• **Aim of the task**:
Only the lines below from the one containing "سقوط صواريخ في" through the one containing "Women pink cotton" belong in the answer, set down exactly, with the pictures left out.

• **Record excerpts**:
Content starts

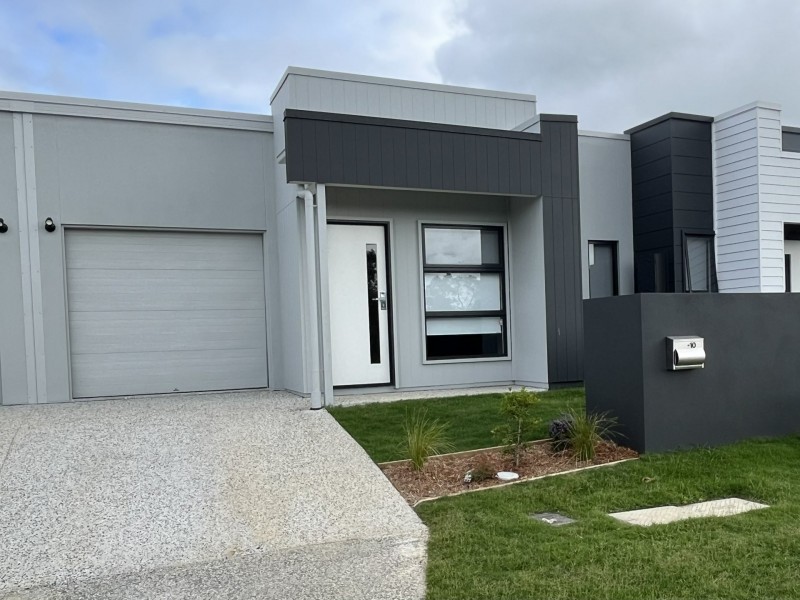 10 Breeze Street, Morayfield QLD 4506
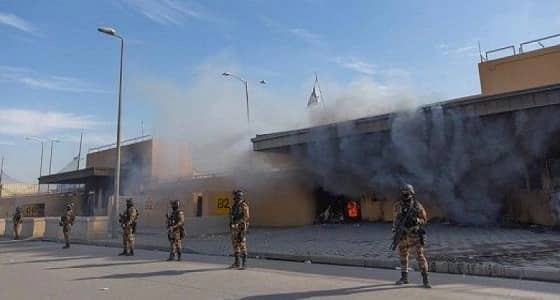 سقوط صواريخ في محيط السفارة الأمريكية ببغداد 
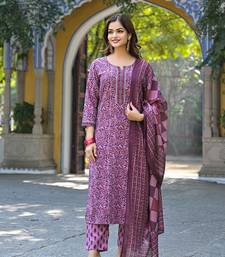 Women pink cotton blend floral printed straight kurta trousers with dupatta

Content ends
Content starts

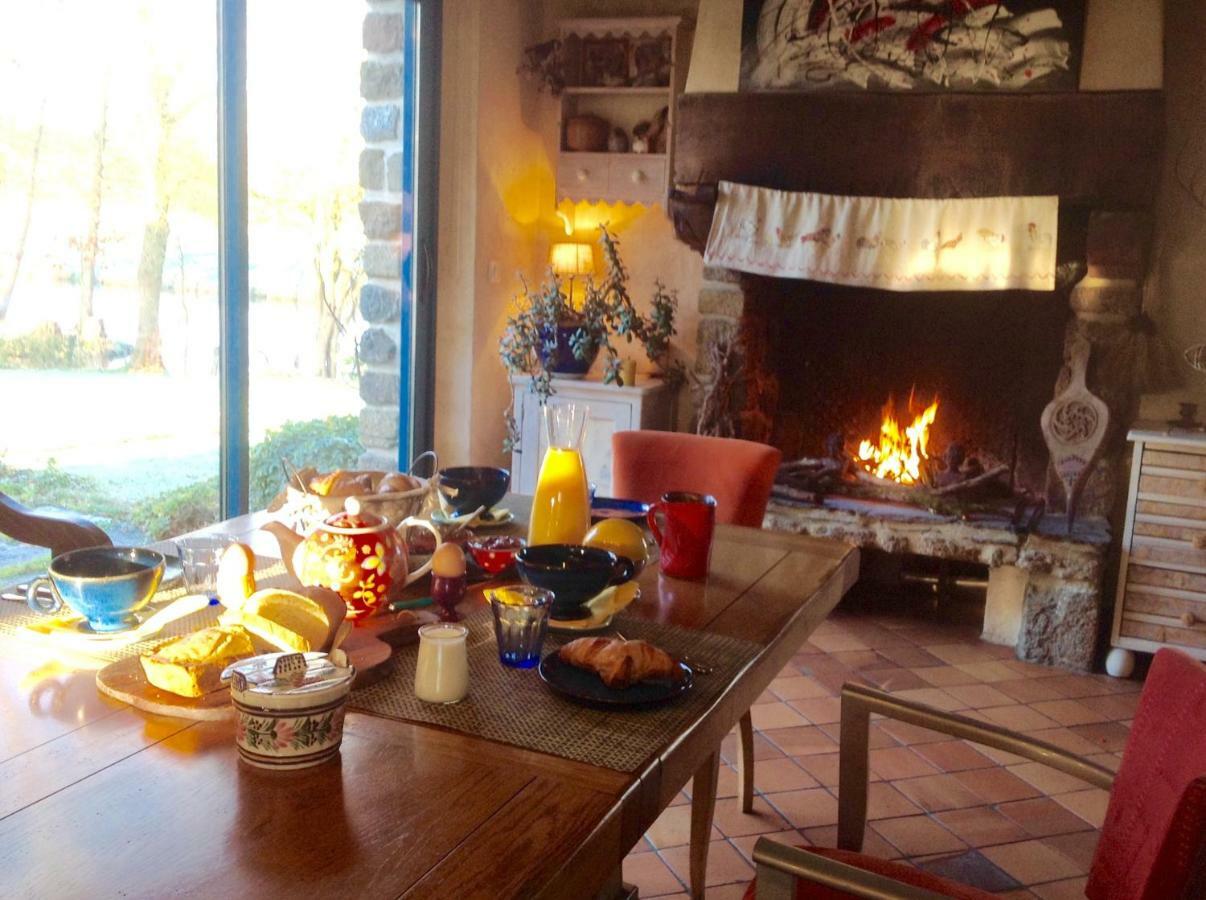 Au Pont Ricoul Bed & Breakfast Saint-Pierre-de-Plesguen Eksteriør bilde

Content ends

• **Solution for this task**:
 سقوط صواريخ في محيط السفارة الأمريكية ببغداد 
 Women pink cotton blend floral printed straight kurta trousers with dupatta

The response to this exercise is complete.